18 Conscientious objectors
  • A quota owner who objects on conscientious or religious grounds to paying the levy in the manner provided for by this order may pay the amount concerned to the chief executive of the Ministry of Fisheries, and, in that case, the chief executive must ensure that it is paid to the company.

19 Non-disclosure of information
  • (1) An officer or employee of the company must not disclose (except to another officer or employee of the company) information obtained—

    • (a) under or because of this order; or

    (2) Subclause (1) does not affect or prevent—

    • (a) the production of records or accounts under section 17(1) of the Commodity Levies Act 1990 (as so applied); or

    • (b) the production of any statement under section 25 of the Commodity Levies Act 1990 (as so applied); or

    • (c) the giving of evidence in any legal proceedings taken—

      • (i) under, or in relation to, this order; or

    (3) Subclause (1) does not prevent the company from—

    • (a) disclosing or using information (not being information relating to an identifiable person) obtained from a ballot held before the commencement of this order; or

    • (b) disclosing or using information (not being information relating to an identifiable person) for statistical and research purposes; or

    • (c) disclosing or using information with the consent of every identifiable person to whom it relates.

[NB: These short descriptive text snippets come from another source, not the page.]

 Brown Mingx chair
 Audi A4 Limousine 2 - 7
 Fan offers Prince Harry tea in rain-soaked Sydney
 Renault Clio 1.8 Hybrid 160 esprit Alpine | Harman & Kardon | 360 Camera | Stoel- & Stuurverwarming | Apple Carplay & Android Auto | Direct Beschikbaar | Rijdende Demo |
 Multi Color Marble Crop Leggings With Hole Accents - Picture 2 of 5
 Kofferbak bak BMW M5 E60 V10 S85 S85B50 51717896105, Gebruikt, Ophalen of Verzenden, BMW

20 Company must keep records
  • (1) The company must, in every levy year, keep records of the following matters:

    • (a) the amount of Nelson–Marlborough dredge oyster fishery quota owned by each owner on 1 October in that year; and

    • (b) the amount of each levy paid to it in that year and, in relation to each amount,—

      • (i) the day on which it was received; and

      • (ii) the name of the person who paid it; and

    • (c) how (if at all) levies paid to it in that year were invested; and

    • (d) how and when all levies spent by it in that year were spent.

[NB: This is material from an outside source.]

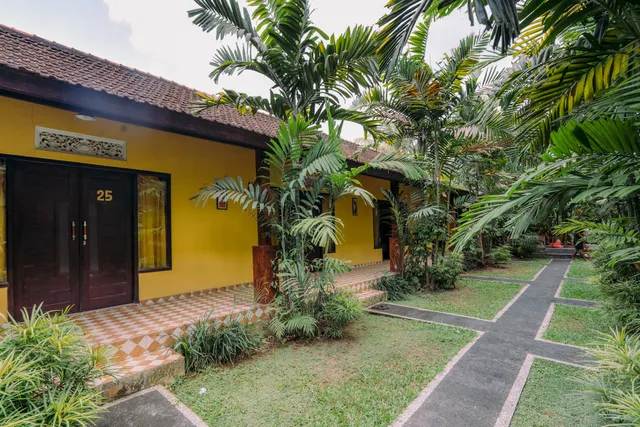 RedDoorz @ Saren Anyar Homestay Lukluk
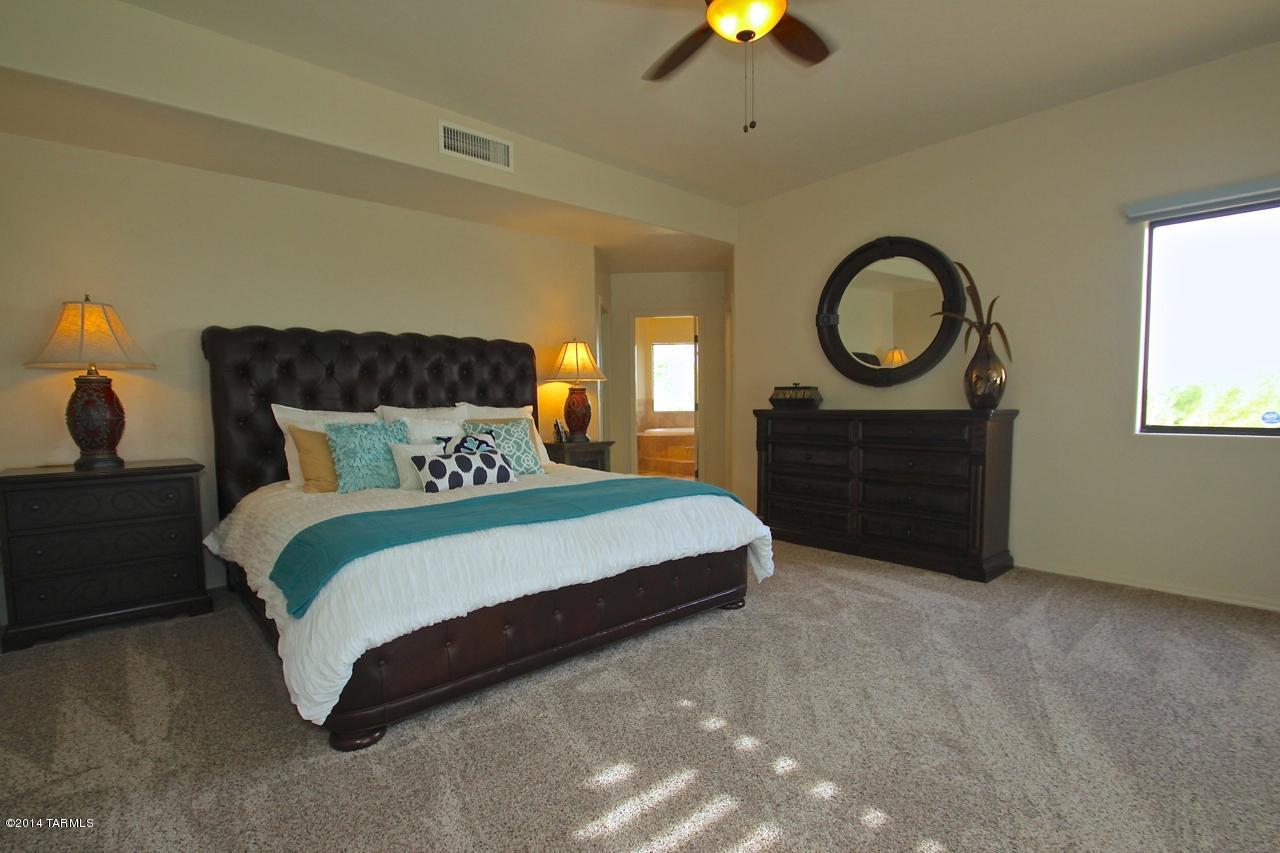 6420 N Regal Manor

    (2) The company must retain the records for at least 7 years after the end of the levy year to which the records relate.

    (3) This clause does not require a person to keep a nil record.

21 Remuneration of persons conducting compliance audits
  • A person appointed as an auditor under section 15 of the Commodity Levies Act 1990 must be remunerated by the company at a rate determined by the Minister of Fisheries after consultation with the company.

Mediation in case of dispute

22 Appointment of mediators
  • (1) This clause applies to a dispute about—

    • (a) whether a person is required to pay a levy; or

    • (b) the amount of levy payable.

    (2) A party to the dispute may ask the President of the New Zealand Institute of Chartered Accountants to appoint a person to organise and preside at a conference of the parties to the dispute and attempt to resolve the dispute by mediation, and, in that case, the President (or a person authorised by the President to do so) may appoint a person to resolve the dispute by mediation.

    (3) The mediator's appointment ends if—

    • (a) the parties to the dispute resolve it themselves; or

    • (b) the mediator resolves the dispute under clause 29.

    Clause 22(2): amended, on 7 July 2010, by section 11 of the New Zealand Institute of Chartered Accountants Amendment Act 2010 (2010 No 74).

23 Remuneration of mediators
  • (1) A mediator is paid remuneration (by way of fees and allowances) as agreed by the parties to the dispute.

    (2) If the parties to a dispute cannot agree on a mediator's remuneration, the President of the New Zealand Institute of Chartered Accountants (or a person authorised by the President to do so) must—

    • (a) fix an amount or several amounts to be paid to the mediator as remuneration; and

    • (b) specify the amount (if any) that each party must pay.

    (3) Each party must pay to the mediator the amount fixed by the President (or authorised person) and specified as an amount to be paid by that party.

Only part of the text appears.